A group of teens recently made a big difference in the lives of a lot of local kids, with the gift of reading.
Assisteens Auxiliary of Assistance League of Newport-Mesa worked hard this year on their first ever “Make a Difference Day Children’s Book Drive,” collecting nearly 7,500 books, all to be donated back to Newport-Mesa unified School District schools.
Out of the national group’s nearly 90 chapters that participated, the Newport-Mesa group collected the most books.
“It’s kids working for kids,” said Tracy Halphide, an Assistance League mother who helped organize the drive. “This is a way (the girls) can dive in and really know they’re making a difference.”
Emily Halphide, 14, from Newport Harbor High School and Emma Kathcart, 13, from Saint Joachim Catholic School in Costa Mesa, both enjoyed the book drive and helped out throughout the entire process.
Books are an important part of learning, they both agreed.
“(The book drive is important because) we’re helping people,” Kathcart said. “People need to read to learn, so, in a way, we’re improving the world’s intelligence.”

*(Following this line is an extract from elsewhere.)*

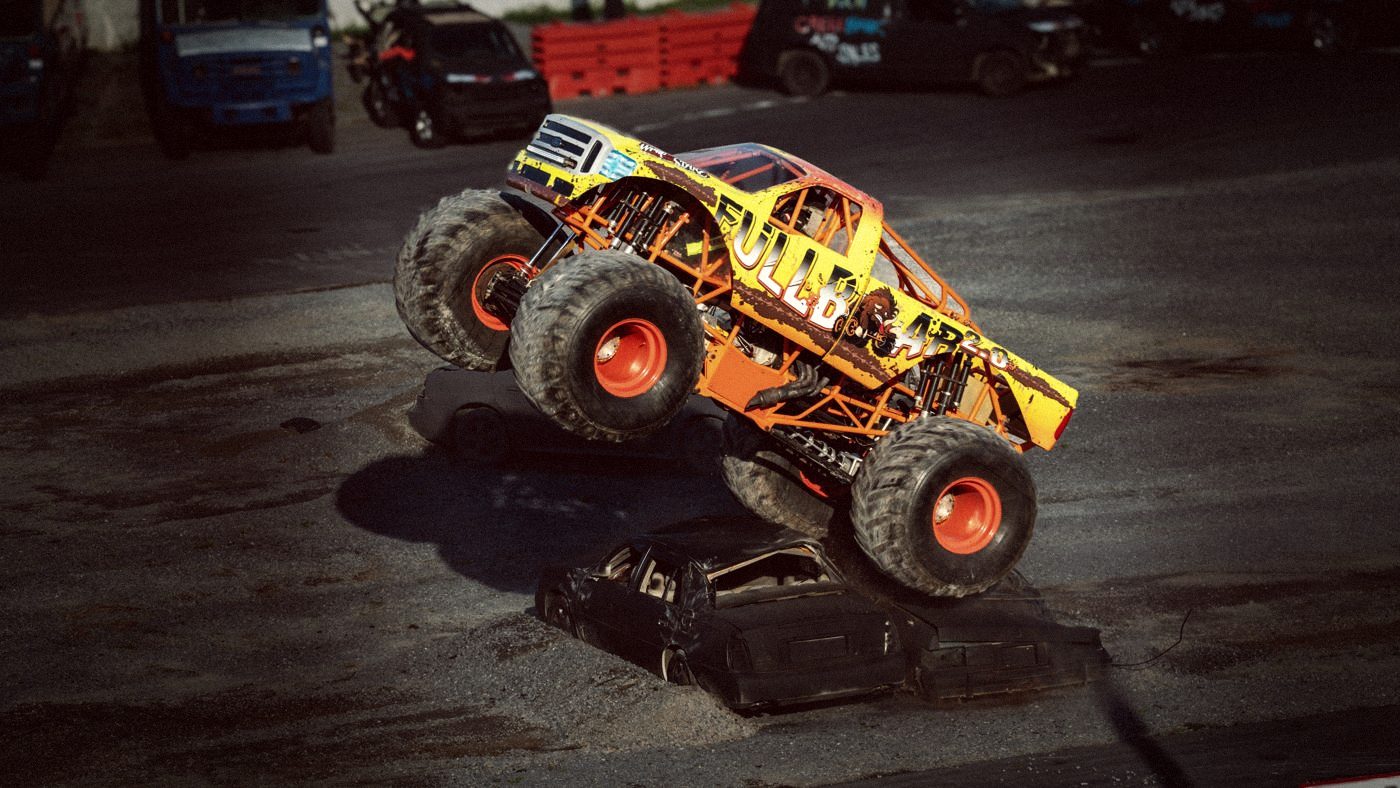 A monster truck mid-jump under the lights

They may open it up to more donation methods next year.
“It was our first year, so we threw a lot of (ideas) out there and came back to see what worked,” she said.

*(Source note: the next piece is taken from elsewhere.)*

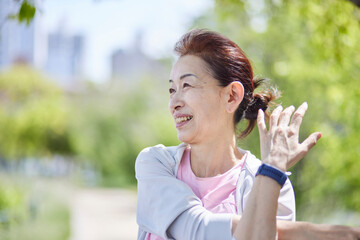 春の新緑の中ストレッチをを行うスポーツウェアをきたシニア女性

About a dozen kids and their mothers gathered recently to sort through the stacks of donated books.
The volunteers went through the books to make sure they were still in good condition and put ALNM stickers inside them. They were then sorted by reading level and packed up.
The Assisteens seventh graders then distributed the books.

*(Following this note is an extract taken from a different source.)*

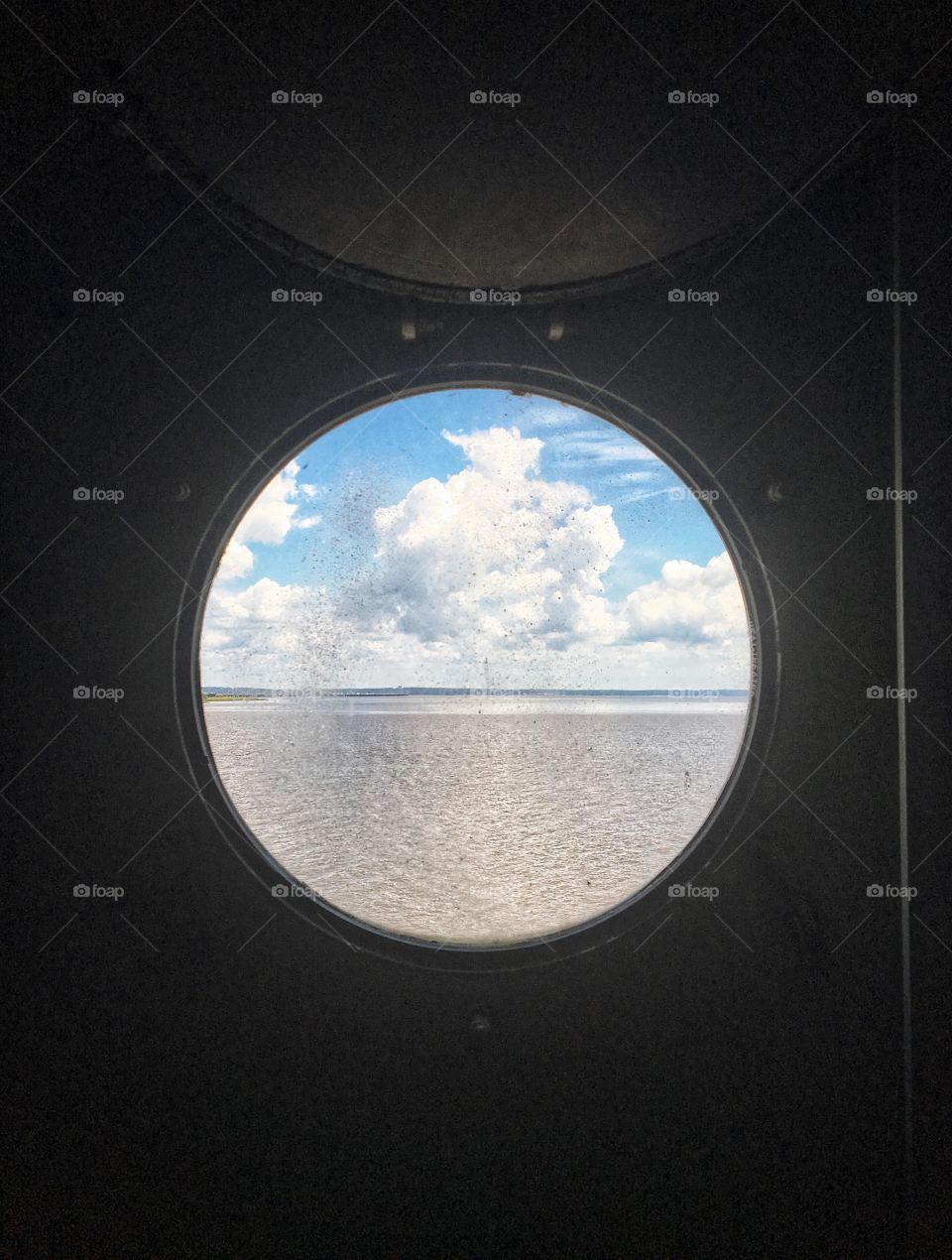 View of the Water and Sky from Porthole on a Battleship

They were donated to children served by the organization’s philanthropic programs, the Children Dental Health Center, Operation School Bell and Community Outreach, and several schools in the Newport-Mesa district.
Chris Kjaer, an Assistance League Member and the seventh grade head adviser, was the driving force behind the success of the book drive at the elementary schools.
Some students really got into it, offering rewards for the classes that collected the most books, discussing ideas with the school’s student council, and promoting the project.
The seventh grade class was very successful and collecting the most out of all the classes: 4800 books.
“The seventh grade girls really took it to heart,” Halphide said.
Other schools got really excited about the project as well.
Joe Norris, fifth grade teacher at Victoria Elementary School and Student Peer Adviser, said the book drive was a great success and a very positive experience for all involved.
“I was extremely impressed with the professionalism of the young ladies and their parents who organized the drive,” he wrote in an email. “I also can’t say enough about the Victoria community and the way they rose to the challenge. Our student council did a great job of helping each class understand what the book drive was all about, and they responded by giving more than 700 books!”
The number of books Victoria Elementary collected is even more impressive since the book drive was sandwiched between the school’s annual canned food drive and annual Make-A-Wish campaign, both of which also were highly successful.
“There is no doubt that Victoria kids and their families care deeply about the needs of others,” Norris said. “We are indeed looking forward to working with the book drive organizers again next year and hope that those who benefited from the drive will develop into voracious readers and lifelong learners!”
It’s a great habit to get into at a young age, Tracy Halphide said.
The Assistance League of Newport- Mesa programs helped more than 5,800 children in the Costa Mesa and Newport Beach communities last year.
The book drive is another way the organization can help kids in need in the community, Tracy Halphide said.
“A book really opens up a child’s mind,” she said.
Her daughter agrees.
“I really love reading because you can get transported away,” Emily Halphide said, “and I feel like everyone should get that opportunity.”
The NMUSD schools involved with the book drive include: Anderson, Davis, Eastbluff, Kaiser, Lincoln, Mariners, Rea, and Victoria elementary schools, Ensign Intermediate, and Newport Harbor and Corona Del Mar high schools.